Si nous partageons les biens communs, cela veut dire que personne autour de nous ne les possède. C'est au nom de la justice que les résultats de ces biens communs sont partagés entre nous. L'éthique du partage est fondée sur la question de la justice. Au XXIe siècle, le partage du manteau de saint Martin n'est donc plus un geste de charité, mais le geste de la justice. Le partage, c'est une exigence de justice. La notion de droit devient alors prioritaire pour écrire l'espace du partage : droit au logement, droit à la nourriture, droit à l'éducation, droit à la santé… La manière dont certaines fractions de la population sont activement exclues d'un accès à l'eau, la manière dont d'autres n'accèdent pas aux soins élémentaires, tiennent souvent à un défaut de politique de régulation internationale ou à une affirmation excessive d'un nationalisme encore vivant. Il serait donc certainement nécessaire de mettre en place un organisme international de gouvernance mondiale qui puisse répartir équitablement les ressources mondiales de la planète.

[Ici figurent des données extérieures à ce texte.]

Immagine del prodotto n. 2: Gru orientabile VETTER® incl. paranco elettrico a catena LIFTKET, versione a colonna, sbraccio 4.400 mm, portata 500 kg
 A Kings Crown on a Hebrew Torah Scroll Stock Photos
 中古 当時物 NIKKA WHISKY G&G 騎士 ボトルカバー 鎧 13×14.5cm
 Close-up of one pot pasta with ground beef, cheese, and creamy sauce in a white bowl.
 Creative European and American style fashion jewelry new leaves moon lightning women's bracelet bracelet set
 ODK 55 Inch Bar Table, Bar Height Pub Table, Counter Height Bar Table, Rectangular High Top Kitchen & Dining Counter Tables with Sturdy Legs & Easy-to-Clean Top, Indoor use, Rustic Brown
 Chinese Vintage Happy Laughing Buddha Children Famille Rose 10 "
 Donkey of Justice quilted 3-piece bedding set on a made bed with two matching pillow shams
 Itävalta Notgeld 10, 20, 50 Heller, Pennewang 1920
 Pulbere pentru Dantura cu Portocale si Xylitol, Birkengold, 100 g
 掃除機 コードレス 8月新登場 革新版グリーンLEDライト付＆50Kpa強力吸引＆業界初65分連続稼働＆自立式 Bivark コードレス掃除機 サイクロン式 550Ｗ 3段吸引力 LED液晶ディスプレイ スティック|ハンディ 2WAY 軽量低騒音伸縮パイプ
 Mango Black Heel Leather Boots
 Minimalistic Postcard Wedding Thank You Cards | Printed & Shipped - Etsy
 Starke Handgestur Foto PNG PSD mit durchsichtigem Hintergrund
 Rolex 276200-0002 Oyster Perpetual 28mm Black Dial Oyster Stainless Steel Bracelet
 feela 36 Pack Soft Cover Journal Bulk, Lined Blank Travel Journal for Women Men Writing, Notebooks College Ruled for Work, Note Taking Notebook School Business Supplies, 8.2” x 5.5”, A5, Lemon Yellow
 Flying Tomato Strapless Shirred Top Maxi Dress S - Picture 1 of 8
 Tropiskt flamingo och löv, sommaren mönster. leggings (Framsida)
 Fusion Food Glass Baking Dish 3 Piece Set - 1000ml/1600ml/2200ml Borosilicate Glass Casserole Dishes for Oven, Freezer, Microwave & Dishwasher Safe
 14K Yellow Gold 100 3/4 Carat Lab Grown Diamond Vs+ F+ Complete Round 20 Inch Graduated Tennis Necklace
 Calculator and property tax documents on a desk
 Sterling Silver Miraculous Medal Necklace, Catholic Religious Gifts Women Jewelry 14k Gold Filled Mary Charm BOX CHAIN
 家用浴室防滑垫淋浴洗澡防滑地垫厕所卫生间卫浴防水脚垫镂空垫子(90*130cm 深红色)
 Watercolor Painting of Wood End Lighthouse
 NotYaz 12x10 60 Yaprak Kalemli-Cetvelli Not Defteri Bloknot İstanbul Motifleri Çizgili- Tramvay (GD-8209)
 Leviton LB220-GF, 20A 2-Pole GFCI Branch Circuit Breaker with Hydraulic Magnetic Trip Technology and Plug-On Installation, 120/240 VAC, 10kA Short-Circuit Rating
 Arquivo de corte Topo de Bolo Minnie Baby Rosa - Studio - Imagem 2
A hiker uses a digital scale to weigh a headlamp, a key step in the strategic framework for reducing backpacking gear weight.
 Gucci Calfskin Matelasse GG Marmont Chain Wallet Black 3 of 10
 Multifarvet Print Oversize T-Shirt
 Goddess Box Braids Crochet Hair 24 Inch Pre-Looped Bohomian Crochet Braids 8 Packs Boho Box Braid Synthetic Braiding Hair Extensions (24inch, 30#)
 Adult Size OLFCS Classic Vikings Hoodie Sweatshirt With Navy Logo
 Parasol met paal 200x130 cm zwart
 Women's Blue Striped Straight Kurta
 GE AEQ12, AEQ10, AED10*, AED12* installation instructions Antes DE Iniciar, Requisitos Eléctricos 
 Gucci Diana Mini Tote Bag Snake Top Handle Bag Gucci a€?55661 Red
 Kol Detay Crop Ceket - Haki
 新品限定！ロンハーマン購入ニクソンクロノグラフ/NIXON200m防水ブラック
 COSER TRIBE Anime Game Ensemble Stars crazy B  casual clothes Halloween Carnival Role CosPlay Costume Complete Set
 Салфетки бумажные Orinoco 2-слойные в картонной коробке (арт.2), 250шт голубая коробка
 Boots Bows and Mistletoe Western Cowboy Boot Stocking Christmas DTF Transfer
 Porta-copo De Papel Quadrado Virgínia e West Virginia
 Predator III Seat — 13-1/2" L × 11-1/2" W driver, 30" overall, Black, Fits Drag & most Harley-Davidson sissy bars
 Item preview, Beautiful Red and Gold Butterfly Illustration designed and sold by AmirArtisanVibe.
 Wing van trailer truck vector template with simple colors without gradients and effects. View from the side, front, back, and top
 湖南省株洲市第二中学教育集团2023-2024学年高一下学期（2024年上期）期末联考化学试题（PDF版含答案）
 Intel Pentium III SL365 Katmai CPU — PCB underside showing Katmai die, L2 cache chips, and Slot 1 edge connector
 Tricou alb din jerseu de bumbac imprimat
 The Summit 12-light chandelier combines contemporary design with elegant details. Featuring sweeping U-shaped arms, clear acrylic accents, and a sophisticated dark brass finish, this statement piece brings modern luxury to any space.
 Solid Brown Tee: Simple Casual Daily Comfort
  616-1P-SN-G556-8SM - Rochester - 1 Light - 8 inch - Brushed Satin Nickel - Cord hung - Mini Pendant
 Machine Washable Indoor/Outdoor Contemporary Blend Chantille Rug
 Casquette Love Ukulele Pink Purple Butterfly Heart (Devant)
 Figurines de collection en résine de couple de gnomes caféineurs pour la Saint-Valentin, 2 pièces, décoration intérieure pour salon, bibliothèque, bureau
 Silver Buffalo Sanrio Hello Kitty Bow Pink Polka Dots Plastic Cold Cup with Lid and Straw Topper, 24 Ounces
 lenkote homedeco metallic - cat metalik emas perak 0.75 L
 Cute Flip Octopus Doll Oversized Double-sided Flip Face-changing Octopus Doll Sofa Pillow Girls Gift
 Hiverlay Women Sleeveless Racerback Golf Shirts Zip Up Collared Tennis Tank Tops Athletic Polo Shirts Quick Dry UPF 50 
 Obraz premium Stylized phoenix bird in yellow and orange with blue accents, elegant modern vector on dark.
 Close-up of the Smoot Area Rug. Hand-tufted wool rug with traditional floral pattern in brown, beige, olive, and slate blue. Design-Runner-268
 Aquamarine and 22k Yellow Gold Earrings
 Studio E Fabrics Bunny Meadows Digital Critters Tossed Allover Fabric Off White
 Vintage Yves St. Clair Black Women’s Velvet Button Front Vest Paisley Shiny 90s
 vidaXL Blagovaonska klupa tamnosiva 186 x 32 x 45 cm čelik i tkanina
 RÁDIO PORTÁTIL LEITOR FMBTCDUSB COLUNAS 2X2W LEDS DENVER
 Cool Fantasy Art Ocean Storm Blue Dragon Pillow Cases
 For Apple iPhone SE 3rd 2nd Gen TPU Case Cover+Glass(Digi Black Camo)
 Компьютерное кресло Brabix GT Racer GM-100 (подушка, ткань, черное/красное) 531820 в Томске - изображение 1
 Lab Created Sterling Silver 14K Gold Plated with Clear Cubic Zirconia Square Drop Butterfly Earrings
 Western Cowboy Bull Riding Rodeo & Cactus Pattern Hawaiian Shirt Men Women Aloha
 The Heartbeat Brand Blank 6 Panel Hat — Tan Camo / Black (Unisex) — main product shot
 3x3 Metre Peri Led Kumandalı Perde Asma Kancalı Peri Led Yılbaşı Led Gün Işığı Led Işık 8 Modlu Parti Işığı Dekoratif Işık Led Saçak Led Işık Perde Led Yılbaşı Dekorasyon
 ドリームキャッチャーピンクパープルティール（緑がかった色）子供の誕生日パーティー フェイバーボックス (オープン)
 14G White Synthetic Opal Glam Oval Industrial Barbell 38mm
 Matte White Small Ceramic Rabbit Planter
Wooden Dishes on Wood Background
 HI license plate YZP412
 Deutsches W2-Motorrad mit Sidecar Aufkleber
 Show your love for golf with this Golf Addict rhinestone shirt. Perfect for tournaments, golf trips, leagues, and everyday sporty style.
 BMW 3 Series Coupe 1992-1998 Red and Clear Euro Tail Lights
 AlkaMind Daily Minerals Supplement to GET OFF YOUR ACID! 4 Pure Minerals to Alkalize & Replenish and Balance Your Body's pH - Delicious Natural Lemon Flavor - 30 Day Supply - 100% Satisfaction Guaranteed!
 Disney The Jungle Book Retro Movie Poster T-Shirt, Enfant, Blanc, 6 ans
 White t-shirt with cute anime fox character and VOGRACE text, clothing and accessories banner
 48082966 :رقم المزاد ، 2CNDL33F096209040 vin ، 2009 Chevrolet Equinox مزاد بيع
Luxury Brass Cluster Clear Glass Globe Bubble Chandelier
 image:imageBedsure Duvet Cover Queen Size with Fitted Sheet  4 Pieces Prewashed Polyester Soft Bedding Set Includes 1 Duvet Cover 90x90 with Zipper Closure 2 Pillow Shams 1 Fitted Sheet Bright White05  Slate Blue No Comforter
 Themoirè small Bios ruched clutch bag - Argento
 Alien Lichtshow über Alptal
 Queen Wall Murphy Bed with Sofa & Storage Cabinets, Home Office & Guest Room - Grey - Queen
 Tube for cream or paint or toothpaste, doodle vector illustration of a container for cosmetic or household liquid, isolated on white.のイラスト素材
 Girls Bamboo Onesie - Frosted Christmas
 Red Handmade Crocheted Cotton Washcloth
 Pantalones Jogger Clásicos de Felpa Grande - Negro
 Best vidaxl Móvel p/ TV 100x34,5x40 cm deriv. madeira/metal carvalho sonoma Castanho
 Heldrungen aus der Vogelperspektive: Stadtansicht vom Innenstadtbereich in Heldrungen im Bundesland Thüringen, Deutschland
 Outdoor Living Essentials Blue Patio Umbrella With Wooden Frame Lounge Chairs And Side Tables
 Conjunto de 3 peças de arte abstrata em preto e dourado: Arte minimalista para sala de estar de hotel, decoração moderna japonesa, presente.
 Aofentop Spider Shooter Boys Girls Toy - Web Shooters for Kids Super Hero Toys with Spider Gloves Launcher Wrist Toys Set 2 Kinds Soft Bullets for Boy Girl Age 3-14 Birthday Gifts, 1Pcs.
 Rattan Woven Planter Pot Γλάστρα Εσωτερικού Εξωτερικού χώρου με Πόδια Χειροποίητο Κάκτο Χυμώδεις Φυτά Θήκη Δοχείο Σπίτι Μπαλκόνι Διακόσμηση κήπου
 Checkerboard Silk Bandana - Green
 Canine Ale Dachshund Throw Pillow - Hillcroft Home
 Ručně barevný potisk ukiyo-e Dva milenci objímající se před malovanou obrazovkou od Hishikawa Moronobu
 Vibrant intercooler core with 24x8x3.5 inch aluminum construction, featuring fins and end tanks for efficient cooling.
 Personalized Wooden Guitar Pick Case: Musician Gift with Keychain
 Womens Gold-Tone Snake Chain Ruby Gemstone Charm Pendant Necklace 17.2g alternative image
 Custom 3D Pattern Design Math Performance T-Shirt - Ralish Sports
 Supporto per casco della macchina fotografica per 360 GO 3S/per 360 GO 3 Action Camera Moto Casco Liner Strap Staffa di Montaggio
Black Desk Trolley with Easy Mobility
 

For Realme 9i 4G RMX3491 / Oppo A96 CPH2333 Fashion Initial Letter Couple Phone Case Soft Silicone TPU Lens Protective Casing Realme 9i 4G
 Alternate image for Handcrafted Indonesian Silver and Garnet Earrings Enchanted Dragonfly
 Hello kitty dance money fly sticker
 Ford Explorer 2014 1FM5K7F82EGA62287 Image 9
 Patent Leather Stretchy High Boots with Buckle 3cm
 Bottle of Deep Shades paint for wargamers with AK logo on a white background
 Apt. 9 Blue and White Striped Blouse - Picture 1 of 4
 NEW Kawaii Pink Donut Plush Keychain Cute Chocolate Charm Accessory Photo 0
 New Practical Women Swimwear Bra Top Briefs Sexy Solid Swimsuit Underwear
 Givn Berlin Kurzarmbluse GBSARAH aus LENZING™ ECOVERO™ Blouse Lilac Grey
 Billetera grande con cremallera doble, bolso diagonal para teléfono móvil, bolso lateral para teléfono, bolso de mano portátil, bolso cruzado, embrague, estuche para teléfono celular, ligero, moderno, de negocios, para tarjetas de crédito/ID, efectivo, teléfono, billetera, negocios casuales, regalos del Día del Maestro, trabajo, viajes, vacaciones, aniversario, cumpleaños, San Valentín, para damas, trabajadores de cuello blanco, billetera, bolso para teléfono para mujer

Le Partage citoyen concerne surtout notre avenir et celui de nos enfants. C'est une conception beaucoup plus large du partage. Jusqu'à présent, nous n'avons pas pris conscience de cette formidable interdépendance qu'il y a entre tous les hommes, présents et futurs.
LE PARTAGE CITOYEN, UNE VALEUR EUROPEENNE
Dans un monde en pleine mutation, l'Europe doit réfléchir à de nouveaux modèles économiques et culturels, et à de nouvelles manières de travailler ensemble. La mondialisation fait naître des questions au sujet de l'avenir, dans des domaines tels que la protection de l'environnement, le commerce mondial, le dialogue entre les religions, l'éducation, la culture… Dans cet univers mondialisé, l'Europe doit concevoir une politique correspondant à ses valeurs réactualisées : des valeurs humanistes intégrées et vécues au quotidien.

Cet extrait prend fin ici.